>

 

 

“Ada dua pilihan, petama menetap untuk selama dengan gelar pecundang atau berusaha menjadi seorang pemenang?”

-Jeje

Cipta menunggui Windi pulang, jika biasanya Cipta akan menunggu Windi pulang di depan gerbang sekolah, kali ini tidak, Cipta menunggui Windi tepat di depan kelasnya, Cipta tidak tau apa yang merasukinya hingga menunggui Windi di depan kelasnya, padahal berulang kali Windi sering katakan bahwa Windi tidak suka jika Cipta menungguinya di depan kelas, Windi merasa tidak nyaman.

Bel pulang sebenarnya sudah berbunyi sejak 30 menit yang lalu, beberapa orang yang Cipta kenali sebagai teman sekelas Windi sudah keluar, ada juga sebagian dari mereka masih di dalam kelas. Cipta tidak dapat memastikan bahwa Windi masih di dalam kelas atau tidak, kerena gorden menghalangi pandangan Cipta untuk melihat ke dalam kelas dan pintu kelas Windi selalu tertutup. Satu jam, tidak ada tanda – tanda kemunculan Windi sama sekali sedari tadi, Cipta tersenyum nanar.

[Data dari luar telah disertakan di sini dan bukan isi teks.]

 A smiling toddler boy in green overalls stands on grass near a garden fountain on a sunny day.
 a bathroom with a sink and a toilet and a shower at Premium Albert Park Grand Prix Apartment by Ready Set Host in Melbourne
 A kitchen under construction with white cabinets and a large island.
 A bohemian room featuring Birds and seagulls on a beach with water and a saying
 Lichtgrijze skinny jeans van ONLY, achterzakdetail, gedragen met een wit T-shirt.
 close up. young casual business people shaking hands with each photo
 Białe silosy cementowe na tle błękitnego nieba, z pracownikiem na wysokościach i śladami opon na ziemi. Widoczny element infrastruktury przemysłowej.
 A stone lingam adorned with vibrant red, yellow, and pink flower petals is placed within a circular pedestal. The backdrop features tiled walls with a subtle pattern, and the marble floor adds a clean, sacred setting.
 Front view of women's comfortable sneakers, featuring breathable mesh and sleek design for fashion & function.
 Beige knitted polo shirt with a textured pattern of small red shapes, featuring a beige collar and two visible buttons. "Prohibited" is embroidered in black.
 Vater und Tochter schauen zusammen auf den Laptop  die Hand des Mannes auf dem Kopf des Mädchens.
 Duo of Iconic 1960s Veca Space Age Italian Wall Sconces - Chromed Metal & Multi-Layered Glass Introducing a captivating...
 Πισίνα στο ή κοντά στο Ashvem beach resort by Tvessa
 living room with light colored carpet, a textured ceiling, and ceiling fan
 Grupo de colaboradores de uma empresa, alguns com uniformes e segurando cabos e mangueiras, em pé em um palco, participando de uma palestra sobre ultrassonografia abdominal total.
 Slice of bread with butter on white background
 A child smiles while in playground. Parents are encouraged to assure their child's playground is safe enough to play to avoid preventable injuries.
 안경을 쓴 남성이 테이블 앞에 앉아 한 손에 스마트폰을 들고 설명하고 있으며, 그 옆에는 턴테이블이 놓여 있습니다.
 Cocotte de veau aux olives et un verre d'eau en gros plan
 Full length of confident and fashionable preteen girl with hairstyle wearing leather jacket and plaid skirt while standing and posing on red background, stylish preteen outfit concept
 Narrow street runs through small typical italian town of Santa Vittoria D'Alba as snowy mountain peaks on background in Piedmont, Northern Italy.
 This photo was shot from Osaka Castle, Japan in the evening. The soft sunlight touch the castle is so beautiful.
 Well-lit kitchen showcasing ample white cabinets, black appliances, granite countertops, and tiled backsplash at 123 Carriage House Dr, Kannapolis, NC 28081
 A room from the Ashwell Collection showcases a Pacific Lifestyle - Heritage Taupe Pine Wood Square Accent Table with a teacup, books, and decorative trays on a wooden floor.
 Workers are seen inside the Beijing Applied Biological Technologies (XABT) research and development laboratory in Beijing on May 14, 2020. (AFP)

“Cipta,” Panggil seseorang siswi berambut pendek, Cipta tidak mengenali siswi itu, hanya sebatas tau bahwa siswi itu merupakan teman sekelas Windi.

“Nungguin Windi ya?” Tanyanya, “Iya,” balas Cipta. Siswi tersebut tersenyum manis pada Cipta dan mengunci pintu kelas, yang artinya tidak ada siapapun lagi didalam kelas itu, tidak ada Windi, siswi itu menjadi yang terakhir.

“Windi udah pulang dari tadi, dia nggak ngabarin lo ya? Tadi, Windi pulang lebih dulu sama Saka, kurang lebih lima menit sebelum bel-lah pokoknya, karena tadi pas jam terkahir kelas kita jamkos,” Ujar siswi tersebut, “Gue duluan ya Cipta,” Pamit siswi tersebut meninggalkan Cipta sendirian duduk termangu.

Di hari siang menjelang sore itu, langit terasa cerah berlawanan dengan perasaan Cipta yang muram. Cipta meghela nafas pelan dan tertawa getir, bertanya – tanya sampai kapan dia harus seperti ini? Cipta tidak sedih, tidak pula kecewa, tidak ada rasa yang mendominasi dirinya saat ini.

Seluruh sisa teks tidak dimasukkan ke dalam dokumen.